Finally, some emerging markets are already home to a booming upper class, with little to no access to a wide range of luxurious goods. This is a classic case of first-mover advantage: the basic scarcity of your product can help snowball your brand into an industry leader.
A variety of verticals is yet to be fully penetrated by the rich-world economies. Although industries like tech, consumer goods and resource exploitation all have significant barriers to entry, many sectors still yearn for foreign capital. If your company works in construction, property or healthcare, you might just want to jump in before it’s too late.
Accessibility of goods and services is another major issue in the developing world. Due to poor infrastructure and dispersed population, solutions to challenges of access are usually in high demand.
Research and development (R&D)
Many economists believe that innovative products and services should first be tested in markets with either faulty (often due to price) or nonexistent alternatives. Emerging economies fit that description in more ways than one.
If you believe your startup is truly disruptive, think of developing markets as a giant laboratory for effective product R&D. Furthermore, this is often an ideal place to try out original product features far away from your native competitors.
Easy access to top talent
A median age in India is 27. In the Philippines, it’s 23. Unlike most Western nations, the workforce of the developing world is getting younger by the minute. Due to diminished business activity, top talent in the emerging markets is not only cheap – it’s relatively easy to come by. As long as you can provide a quality working environment and enough room for your employees to grow, you’ll often get to handpick the best and the brightest.
Sourcing young local talent is often essential to your company’s success. Not only are they highly qualified, they tend to be invaluable in helping you understand the local culture, regulations, as well as a variety of business customs.
Challenges of doing business in emerging markets
While there are clearly more than a few reasons to consider expanding your business abroad, it’s much easier said than done.
Too many companies arrive vastly underprepared for obstacles that await in the developing world. Here are some of the most common challenges both small and large-scale businesses face in the emerging markets.
Lack of flexibility
Entering a new market with an open mind is one of the key components of international success. Most companies assume they can pretty much replicate what they did in their home country. This rings especially true in countries that have already adopted major Western brands and services.
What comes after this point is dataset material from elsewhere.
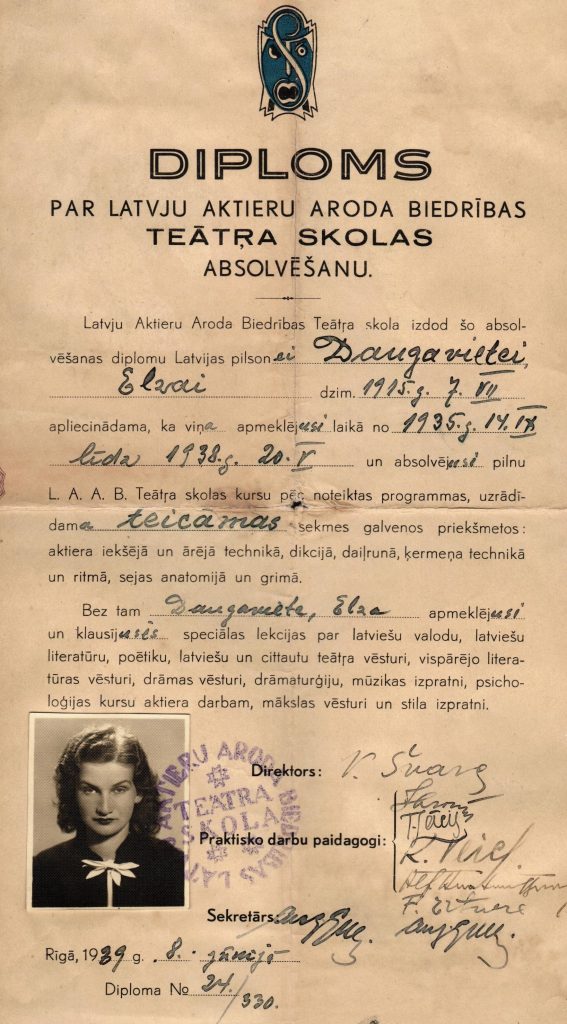 Elzai Daugavietei izsniegtais diploms par Latvju aktieru arodbiedrības Teātra skolas absolvēšanu 1939. gada 8. jūnijā. Avots: LNA_LVA_F2070_1v_17, 1. lp.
After all, if McDonald’s made it in India, how different can it really be?
As a result, corporations tend to simply import their native business formulas. Sure, they may lower the price by using local workforce or adapt their product culturally, but the basic profit formulas remain very much the same.
Reluctant to address a variety of demographic and infrastructural challenges, western companies are typically able to sell only to centralised, high-income individuals. In most emerging economies, however, the upper class is still far too slim to ensure a positive return on its own.
Creating a brand new business model often requires drastic changes to overhead costs, profit margins and resource velocity. Needless to say, this becomes a major issue for most traditional, well-established companies. It’s also why we’re seeing more and more startups claiming significant market shares in the emerging economies. Being able to creatively address the local challenges (mainly accessibility and affordability) is essential to gaining a competitive edge in the developing world.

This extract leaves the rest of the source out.